**Problem statement:** Please reproduce the lines from the one containing "this 670×447 image." through the end of the data below exactly as they stand, and omit all pictures.

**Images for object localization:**
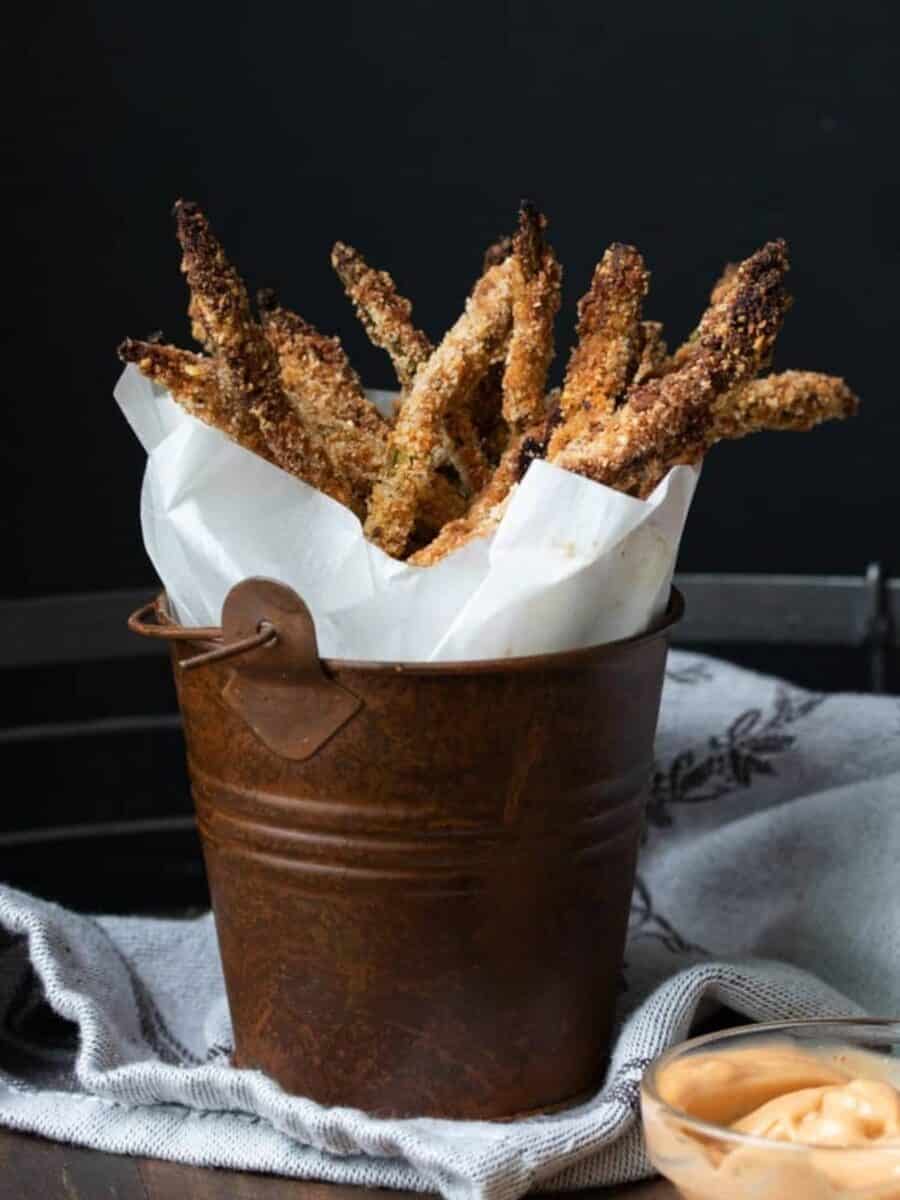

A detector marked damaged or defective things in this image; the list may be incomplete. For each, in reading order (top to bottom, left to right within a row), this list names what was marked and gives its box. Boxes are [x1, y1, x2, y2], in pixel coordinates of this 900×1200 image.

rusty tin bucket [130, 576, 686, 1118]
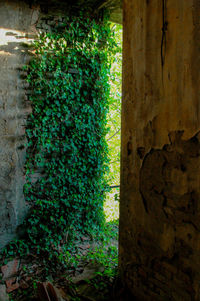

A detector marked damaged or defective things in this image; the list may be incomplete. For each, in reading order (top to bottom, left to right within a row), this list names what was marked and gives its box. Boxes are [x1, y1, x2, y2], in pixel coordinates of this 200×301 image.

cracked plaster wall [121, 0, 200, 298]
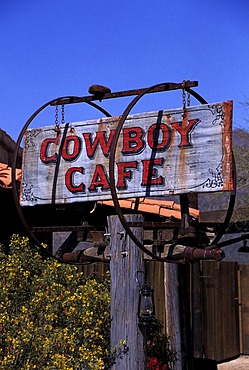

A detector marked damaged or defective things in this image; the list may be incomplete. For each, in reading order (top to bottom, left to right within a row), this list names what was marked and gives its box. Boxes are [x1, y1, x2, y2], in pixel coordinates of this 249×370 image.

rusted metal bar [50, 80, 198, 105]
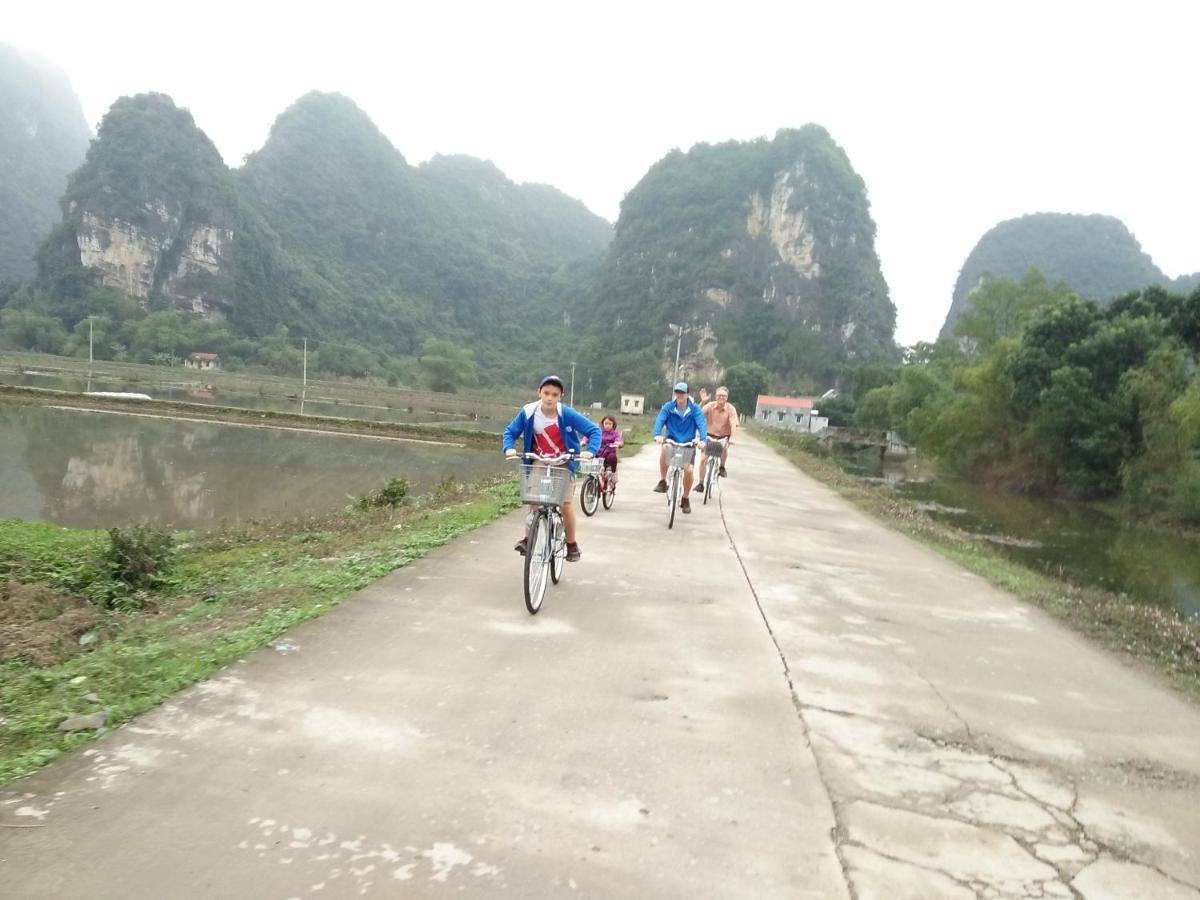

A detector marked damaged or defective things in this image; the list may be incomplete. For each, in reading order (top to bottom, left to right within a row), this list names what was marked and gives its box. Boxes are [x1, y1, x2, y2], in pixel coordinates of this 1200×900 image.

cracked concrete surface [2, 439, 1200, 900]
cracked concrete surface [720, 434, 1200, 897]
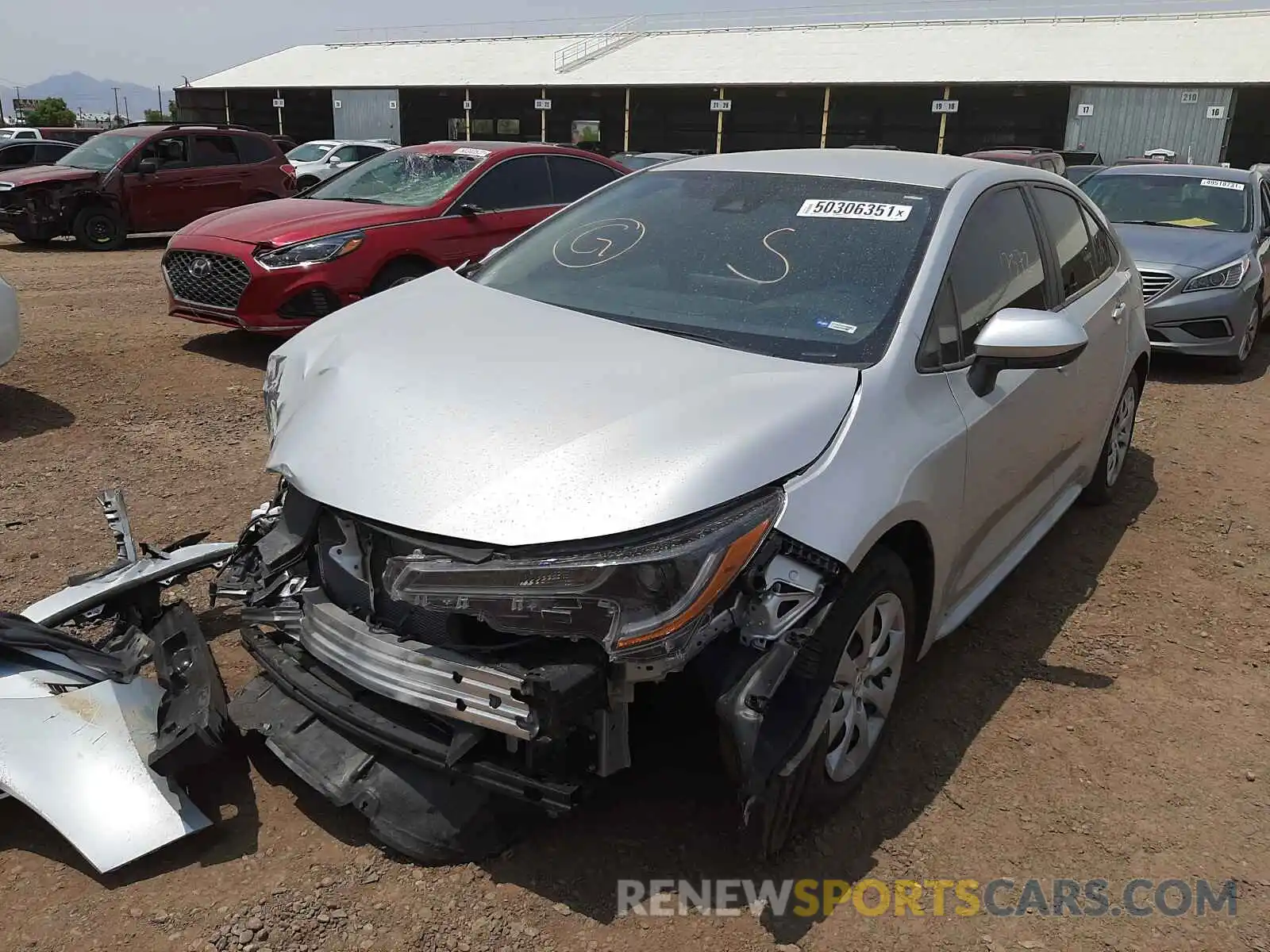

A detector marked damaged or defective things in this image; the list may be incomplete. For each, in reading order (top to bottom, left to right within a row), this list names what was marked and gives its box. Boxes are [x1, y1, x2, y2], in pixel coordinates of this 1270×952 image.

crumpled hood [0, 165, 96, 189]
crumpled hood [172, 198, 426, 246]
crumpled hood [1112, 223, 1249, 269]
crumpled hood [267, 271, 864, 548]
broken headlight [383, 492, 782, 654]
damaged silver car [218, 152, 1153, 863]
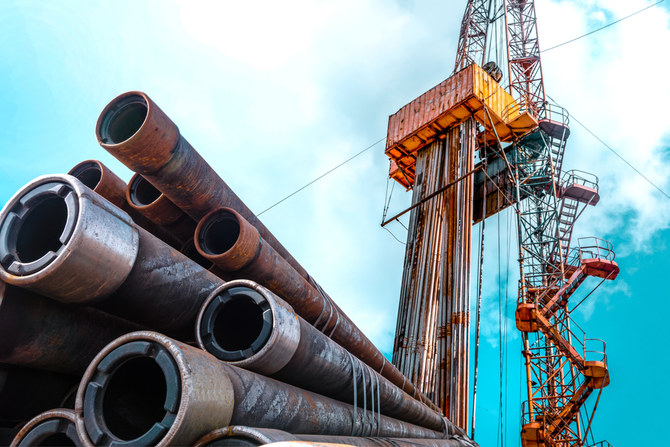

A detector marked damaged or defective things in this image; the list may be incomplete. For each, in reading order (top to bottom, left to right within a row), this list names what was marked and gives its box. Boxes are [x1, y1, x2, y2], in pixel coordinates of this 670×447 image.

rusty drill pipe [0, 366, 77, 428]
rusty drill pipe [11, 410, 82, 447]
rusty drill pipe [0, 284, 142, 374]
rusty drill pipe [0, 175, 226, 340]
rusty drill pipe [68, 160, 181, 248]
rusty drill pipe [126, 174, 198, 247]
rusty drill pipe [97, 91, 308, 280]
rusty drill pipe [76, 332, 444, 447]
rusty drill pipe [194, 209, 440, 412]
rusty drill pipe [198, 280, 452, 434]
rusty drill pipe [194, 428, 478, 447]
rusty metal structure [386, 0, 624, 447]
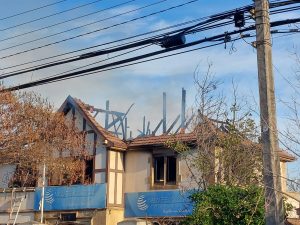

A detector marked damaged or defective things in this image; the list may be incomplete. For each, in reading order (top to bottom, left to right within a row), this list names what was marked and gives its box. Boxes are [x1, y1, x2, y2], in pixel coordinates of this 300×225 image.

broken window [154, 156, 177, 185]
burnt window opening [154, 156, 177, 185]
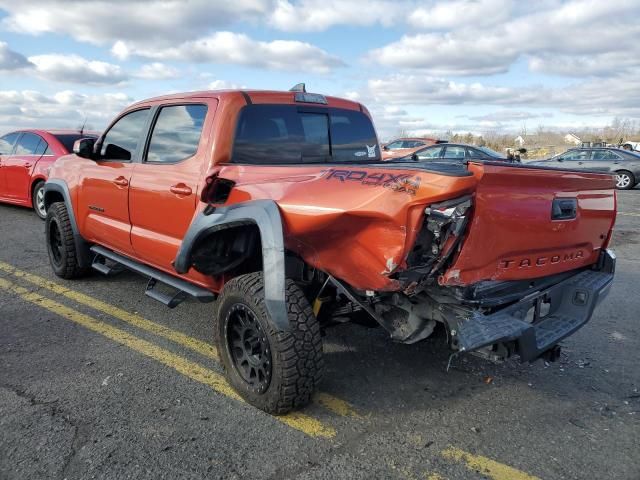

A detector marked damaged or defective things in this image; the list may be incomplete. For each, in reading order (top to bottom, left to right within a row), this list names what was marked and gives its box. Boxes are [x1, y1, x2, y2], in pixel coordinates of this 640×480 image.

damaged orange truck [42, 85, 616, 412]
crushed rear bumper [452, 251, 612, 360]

**Task response:**
A detector marked damaged or defective things in this image; the list may be incomplete. For each, in reading order (top to bottom, left to right within a row), this list names what was marked and gives its box. Boxes are [x1, y1, x2, y2], in pixel coordinates of this 670×447 image.

rusty drill pipe [0, 366, 77, 428]
rusty drill pipe [11, 410, 82, 447]
rusty drill pipe [0, 284, 142, 374]
rusty drill pipe [0, 175, 226, 340]
rusty drill pipe [68, 160, 181, 248]
rusty drill pipe [126, 174, 198, 247]
rusty drill pipe [97, 91, 308, 280]
rusty drill pipe [76, 332, 444, 447]
rusty drill pipe [194, 209, 440, 412]
rusty drill pipe [198, 280, 452, 434]
rusty drill pipe [194, 428, 478, 447]
rusty metal structure [386, 0, 624, 447]

A detector marked damaged or defective things in this image; the list may be incomplete. For each, in reading order (top to bottom, left to right within a row), this list names what was marked and gives its box. Boxes are [x1, y1, x2, y2], in pixel coordinates of this 300×225 image.

broken window [154, 156, 177, 185]
burnt window opening [154, 156, 177, 185]

A detector marked damaged or defective things in this image; the list may be incomplete. For each, in reading order (top to bottom, left to right within a row), this list names what was marked and gives its box. Boxes are [x1, y1, x2, y2], in pixel coordinates of this 640×480 image.

damaged orange truck [42, 85, 616, 412]
crushed rear bumper [452, 251, 612, 360]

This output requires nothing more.